Wednesday, November 26, 2008

Baloonacy

The Macy*s Day Parade is insane enough, but the festivities of the balloon-inflating day have gotten out of control.

Near the end of the previous millennium, things were different. A person could walk from my mom's apartment building, cross the street, pick up some food at the local Somewhat Original Ray's Pizza, and head back home. Elapsed time: 10 minutes on a slow day. And you didn't even need proof of your address or a party invitation! Shirra remembers an evening back in 1994 when we visited her friend Eileen a few blocks away for her big annual Turkey Eve party. We hustled over, hung about for a couple hours, and made our way back, noting how some of the balloons were a bit more inflated when we returned than when we'd left.

Just a few years later, however, the thing had gone viral. Blame word of mouth, blame the more-bored-than-usual media, blame the police, but when thousands of people started to make the balloon inflation into some kind of party event, the infotainment reporters arrived along with the police barricades, and that was the end of that. It took us more than ten minutes just to walk one block downtown on Columbus with Fiona in the stroller -- a mistake we never made again -- and pretty much took Eileen's party off our to-do list forevermore. At that was only 1998.

Here is a photo someone took of my mom's block last year. I imagine someone -- someone staying in a hotel -- saying, "Ooh! Isn't that Shrek? What's he doing here, that big green silly!

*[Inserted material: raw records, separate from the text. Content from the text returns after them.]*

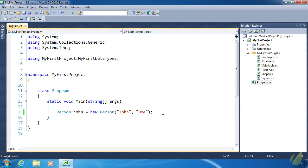The properties and methods we have written so far have been what are called instance members — they belong to an instance or an object, they don't belong to the class. That might be a little confusing because our Person class defines a FirstName property, but we cannot use that FirstName property unless we use it from an object of Person. On line 15 I've created a Person object called John.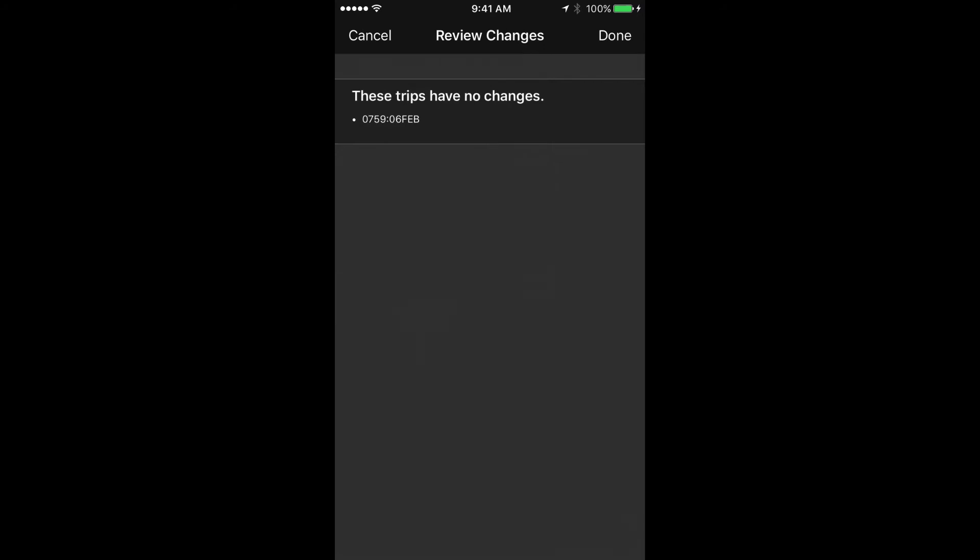In this case, the trip's already been imported just like the previous example, but if I had changes here, we would see those changes and be able to review them.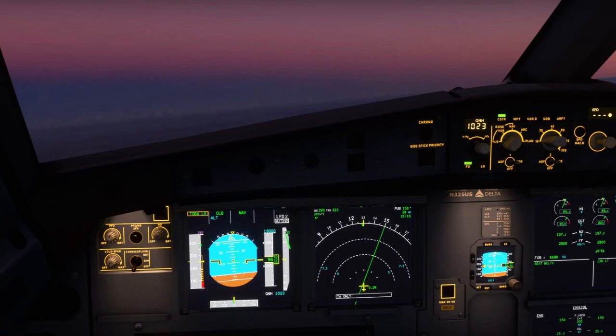When the alpha floor protection is triggered, it will automatically command TOGA thrust on both engines, regardless of the position of the thrust levers. Toga Lock indicates to the pilots that TOGA thrust has been set on the engines automatically and is locked — you can't remove it until you put the aircraft back in a position where it's no longer outside of the threshold of what the plane is capable of doing.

I can't believe I'm standing so close to greatness!"

And now things are totally out of control. Shirra was blocked from passing thru one of the barricades because some rookie cop thought that she and the kids were just sightseers pretending to live on 81st Street. Direction-barkers are still making announcements to balloon workers at 11pm, and as I was putting the kids to bed in my old room (the one that faces the street), we could hear bands playing jaunty music to late-night revelers who came to watch -- oh, joy! -- the commingling of helium, painted rubber, and thousands of sandbags.